▶ **Problem**: What follows is a listing; restate all of it word for word.

▶ **Source material**:
*** Block opens ***
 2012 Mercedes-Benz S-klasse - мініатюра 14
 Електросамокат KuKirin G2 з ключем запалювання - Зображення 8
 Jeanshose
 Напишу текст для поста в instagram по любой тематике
*** Block closes ***
▶ **Answer section**:
 2012 Mercedes-Benz S-klasse - мініатюра 14
 Електросамокат KuKirin G2 з ключем запалювання - Зображення 8
 Jeanshose
 Напишу текст для поста в instagram по любой тематике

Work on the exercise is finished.